3

I have a local solr cloud cluster running on three separate nodes: 33.33.3[3-5]:8080 This cluster is managed by a local 3 node zookeeper ensemble that lives at: 33.33.3[0-2]:2181

I am trying to experiment with schema modifications - however, I'm having trouble getting SOLR to pickup the new changes. Here is what I'm doing

First I upload one config set to zookeeper:

/opt/src/solr/scripts/cloud-scripts/zkcli.sh -zkhost 33.33.33.30:2181,33.33.33.31:2181,33.33.33.32:2181 -cmd upconfig -confdir /opt/src/solr/solr/conf/ -confname test_conf

Then I create a collection in SOLR:

http://33.33.33.33:8080/solr/admin/collections?action=CREATE&name=test_collection&numShards=1&replicationFactor=3

This all works fine. Since there is only one config in zookeeper, this is automatically mapped to the collection on creation. Pretty cool.
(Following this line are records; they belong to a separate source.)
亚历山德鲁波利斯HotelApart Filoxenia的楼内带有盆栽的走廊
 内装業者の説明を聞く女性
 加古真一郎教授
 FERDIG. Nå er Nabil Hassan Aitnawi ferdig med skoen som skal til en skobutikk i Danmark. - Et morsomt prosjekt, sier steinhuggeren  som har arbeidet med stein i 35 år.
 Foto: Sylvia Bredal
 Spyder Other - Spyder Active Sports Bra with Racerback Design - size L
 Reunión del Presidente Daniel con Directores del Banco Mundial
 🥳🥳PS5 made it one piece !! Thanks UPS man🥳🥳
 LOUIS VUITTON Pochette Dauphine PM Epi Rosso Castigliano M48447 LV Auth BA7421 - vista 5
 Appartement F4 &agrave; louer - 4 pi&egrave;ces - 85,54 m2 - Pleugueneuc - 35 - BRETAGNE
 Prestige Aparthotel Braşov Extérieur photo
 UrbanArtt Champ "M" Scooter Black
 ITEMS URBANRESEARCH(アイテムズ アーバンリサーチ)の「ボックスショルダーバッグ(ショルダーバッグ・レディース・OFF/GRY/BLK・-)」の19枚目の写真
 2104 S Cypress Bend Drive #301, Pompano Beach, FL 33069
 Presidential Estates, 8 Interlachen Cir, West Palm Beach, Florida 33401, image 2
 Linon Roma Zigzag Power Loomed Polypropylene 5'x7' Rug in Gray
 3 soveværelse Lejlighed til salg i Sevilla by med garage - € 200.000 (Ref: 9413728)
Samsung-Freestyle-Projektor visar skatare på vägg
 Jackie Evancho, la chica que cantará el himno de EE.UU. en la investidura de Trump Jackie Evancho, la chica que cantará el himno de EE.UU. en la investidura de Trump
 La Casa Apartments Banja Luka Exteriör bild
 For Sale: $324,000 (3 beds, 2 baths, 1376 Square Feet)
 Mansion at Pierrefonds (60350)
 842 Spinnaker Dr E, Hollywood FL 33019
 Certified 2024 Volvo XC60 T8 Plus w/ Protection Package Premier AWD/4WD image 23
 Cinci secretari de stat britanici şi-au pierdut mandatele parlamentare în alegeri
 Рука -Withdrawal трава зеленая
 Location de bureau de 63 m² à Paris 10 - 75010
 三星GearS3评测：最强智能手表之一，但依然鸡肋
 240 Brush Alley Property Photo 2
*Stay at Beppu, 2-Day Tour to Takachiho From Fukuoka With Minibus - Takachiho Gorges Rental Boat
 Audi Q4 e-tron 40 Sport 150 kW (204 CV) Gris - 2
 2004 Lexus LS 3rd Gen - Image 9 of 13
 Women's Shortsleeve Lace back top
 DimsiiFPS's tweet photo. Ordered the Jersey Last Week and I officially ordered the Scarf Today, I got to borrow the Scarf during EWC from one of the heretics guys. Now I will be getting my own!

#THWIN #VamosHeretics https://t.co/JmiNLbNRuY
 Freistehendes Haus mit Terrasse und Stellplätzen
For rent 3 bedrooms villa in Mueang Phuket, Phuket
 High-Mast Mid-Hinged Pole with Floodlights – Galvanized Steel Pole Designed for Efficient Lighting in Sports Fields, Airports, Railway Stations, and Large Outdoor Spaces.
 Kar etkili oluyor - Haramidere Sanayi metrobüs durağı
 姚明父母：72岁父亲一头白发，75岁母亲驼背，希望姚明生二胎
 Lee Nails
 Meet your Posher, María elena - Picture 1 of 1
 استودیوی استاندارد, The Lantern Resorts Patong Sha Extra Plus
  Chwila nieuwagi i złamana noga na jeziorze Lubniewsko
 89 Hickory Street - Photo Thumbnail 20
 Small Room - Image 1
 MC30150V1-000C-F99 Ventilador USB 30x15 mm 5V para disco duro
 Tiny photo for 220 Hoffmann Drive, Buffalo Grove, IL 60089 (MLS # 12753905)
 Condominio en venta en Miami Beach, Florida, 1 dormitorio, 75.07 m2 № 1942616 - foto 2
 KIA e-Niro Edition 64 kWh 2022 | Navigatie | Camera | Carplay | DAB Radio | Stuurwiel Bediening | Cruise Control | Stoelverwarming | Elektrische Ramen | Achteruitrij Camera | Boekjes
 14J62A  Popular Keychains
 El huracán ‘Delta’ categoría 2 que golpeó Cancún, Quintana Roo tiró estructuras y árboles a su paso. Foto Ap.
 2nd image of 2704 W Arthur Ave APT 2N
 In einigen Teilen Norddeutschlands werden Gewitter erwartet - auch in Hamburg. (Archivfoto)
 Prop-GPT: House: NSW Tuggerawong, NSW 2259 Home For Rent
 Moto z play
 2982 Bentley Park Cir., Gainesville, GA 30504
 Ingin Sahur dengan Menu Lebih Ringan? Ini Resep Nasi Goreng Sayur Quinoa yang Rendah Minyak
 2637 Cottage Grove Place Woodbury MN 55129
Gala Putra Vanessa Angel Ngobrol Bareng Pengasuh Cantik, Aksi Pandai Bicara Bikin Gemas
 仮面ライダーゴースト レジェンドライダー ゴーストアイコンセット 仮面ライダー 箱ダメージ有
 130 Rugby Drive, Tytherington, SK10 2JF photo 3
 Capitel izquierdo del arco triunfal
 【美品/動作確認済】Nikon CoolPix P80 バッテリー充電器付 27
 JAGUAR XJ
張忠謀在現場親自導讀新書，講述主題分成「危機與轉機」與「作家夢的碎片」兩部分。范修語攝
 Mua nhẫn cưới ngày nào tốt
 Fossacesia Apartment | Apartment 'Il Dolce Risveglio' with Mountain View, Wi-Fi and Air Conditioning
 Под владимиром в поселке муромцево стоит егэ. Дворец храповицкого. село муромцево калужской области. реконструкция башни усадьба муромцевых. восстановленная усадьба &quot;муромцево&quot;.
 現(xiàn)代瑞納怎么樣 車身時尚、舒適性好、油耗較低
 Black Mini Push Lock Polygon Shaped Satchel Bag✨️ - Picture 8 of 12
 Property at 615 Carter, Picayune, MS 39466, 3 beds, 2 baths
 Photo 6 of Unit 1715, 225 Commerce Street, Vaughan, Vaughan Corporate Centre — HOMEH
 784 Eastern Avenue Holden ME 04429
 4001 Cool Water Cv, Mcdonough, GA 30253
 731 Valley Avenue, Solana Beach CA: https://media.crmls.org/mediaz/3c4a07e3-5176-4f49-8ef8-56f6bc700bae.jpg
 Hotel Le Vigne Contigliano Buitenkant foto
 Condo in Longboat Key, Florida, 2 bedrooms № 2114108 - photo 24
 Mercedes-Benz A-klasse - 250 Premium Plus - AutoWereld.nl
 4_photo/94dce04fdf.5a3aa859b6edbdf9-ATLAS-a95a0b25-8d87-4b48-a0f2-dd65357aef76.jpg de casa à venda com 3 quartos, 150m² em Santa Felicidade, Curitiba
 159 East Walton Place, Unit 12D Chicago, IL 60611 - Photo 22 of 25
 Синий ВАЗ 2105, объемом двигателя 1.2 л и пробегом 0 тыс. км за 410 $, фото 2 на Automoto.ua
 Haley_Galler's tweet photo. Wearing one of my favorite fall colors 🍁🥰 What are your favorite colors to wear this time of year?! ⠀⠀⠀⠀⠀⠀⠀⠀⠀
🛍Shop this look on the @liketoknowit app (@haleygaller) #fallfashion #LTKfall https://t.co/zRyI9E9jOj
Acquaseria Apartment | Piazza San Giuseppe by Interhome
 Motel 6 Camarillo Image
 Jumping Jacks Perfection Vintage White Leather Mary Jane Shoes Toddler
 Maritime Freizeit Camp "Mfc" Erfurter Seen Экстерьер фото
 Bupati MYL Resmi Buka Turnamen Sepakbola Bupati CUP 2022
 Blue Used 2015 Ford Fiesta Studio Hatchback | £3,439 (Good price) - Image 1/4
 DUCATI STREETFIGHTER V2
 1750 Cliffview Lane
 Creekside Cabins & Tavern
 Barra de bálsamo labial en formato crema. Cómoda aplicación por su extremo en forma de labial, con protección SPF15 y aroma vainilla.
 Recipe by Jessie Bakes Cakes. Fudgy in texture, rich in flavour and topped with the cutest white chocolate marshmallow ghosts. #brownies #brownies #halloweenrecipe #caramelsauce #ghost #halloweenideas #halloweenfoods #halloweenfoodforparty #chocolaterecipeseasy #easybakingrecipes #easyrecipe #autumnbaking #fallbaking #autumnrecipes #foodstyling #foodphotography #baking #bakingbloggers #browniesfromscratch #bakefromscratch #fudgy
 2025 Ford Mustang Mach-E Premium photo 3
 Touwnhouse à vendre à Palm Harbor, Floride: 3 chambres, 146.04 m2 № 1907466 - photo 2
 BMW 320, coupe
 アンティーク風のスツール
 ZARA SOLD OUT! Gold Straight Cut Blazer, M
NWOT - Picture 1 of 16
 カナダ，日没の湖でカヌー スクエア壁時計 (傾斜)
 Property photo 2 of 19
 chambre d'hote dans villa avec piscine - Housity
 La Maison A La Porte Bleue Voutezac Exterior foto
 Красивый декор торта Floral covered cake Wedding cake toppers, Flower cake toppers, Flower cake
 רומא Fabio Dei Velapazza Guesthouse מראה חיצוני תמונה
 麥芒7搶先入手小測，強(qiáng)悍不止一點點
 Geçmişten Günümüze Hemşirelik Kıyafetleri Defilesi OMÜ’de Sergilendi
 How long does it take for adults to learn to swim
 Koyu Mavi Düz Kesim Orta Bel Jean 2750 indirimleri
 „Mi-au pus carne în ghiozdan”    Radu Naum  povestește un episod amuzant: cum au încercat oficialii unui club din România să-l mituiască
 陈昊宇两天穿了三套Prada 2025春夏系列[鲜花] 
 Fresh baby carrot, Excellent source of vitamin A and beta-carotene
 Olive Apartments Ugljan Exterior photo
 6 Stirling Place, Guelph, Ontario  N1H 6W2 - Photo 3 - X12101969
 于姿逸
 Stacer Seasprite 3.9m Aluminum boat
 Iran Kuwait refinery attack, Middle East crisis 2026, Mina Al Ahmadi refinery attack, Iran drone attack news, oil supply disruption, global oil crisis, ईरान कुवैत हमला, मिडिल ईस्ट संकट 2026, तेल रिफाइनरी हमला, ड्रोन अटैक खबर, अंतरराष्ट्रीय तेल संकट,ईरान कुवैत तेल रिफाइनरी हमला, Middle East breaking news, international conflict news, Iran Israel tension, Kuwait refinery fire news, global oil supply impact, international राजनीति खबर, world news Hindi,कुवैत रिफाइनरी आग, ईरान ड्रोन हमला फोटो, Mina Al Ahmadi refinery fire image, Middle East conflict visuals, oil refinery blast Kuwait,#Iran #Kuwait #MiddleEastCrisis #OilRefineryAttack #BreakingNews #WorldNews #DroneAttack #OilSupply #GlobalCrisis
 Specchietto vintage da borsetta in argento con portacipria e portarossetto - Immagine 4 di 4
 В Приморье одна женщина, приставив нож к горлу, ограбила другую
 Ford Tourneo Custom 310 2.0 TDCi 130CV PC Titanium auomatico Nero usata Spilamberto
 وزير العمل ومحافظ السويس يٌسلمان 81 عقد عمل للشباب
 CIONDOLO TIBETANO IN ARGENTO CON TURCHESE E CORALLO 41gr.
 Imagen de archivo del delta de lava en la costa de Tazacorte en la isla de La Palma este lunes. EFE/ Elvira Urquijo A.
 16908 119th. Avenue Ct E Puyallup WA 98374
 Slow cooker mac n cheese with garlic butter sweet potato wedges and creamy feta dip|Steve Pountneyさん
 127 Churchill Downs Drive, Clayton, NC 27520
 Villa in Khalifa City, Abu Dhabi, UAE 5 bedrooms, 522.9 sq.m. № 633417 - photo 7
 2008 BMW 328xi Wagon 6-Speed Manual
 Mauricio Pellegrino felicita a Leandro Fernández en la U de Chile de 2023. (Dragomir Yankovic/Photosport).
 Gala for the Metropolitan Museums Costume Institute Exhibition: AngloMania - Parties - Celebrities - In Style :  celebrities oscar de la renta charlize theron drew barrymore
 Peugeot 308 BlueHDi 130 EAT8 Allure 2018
But now I want to modify the the schema for test_collection. So, I ssh into one of my SOLR boxes, browse to /opt/src/solr/solr/conf/ open schema.xml in vim, and remove a field. Then I upload the config again (using the same name so it overwrites the old config):

/opt/src/solr/scripts/cloud-scripts/zkcli.sh -zkhost 33.33.33.30:2181,33.33.33.31:2181,33.33.33.32:2181 -cmd upconfig -confdir /opt/src/solr/solr/conf/ -confname test_conf

Now I reload the core:

http://33.33.33.33:8080/solr/admin/collections?action=RELOAD&name=test_collection

And zookeeper picks up the changes. I can download the file from zookeeper and the changes are there. I can browse the config in SOLR admin (cloud>tree>configs>schema.xml AND test_collection>files>schema.xml) and the changes are reflected. However, if I hit this route: http://33.33.33.33:8080/solr/test_collection/schema/fields the field is still there. Also, if I go to test_collection>schema browser in the SOLR admin the field is still listed there as well.

What's going on here?

EDIT:

If I look at the logs in SOLR admin I see the following which must be related...

2/23/2015, 3:06:46 PM
WARN
OverseerCollectionProcessor
OverseerCollectionProcessor.processMessage : reloadcollection ,​ {
2/23/2015, 3:06:46 PM
WARN
ManagedIndexSchemaFactory
The schema has been upgraded to managed,​ but the non-managed schema schema.xml is still loadable. PLEASE REMOVE THIS FILE.
2/23/2015, 3:06:46 PM
WARN
RequestHandlers
Multiple requestHandler registered to the same name: /update/json ignoring: org.apache.solr.handler.UpdateRequestHandler
2/23/2015, 3:06:46 PM
WARN
RequestHandlers
Multiple requestHandler registered to the same name: /update ignoring: org.apache.solr.handler.UpdateRequestHandler
2/23/2015, 3:06:46 PM
WARN
RequestHandlers
Multiple requestHandler registered to the same name: /replication ignoring: org.apache.solr.handler.ReplicationHandler
tknickman
  • 4,285
  • 3
  • 34
  • 47

3 Answers3

3

I eventually figured this out after spending so much time with SOLR over the past few months.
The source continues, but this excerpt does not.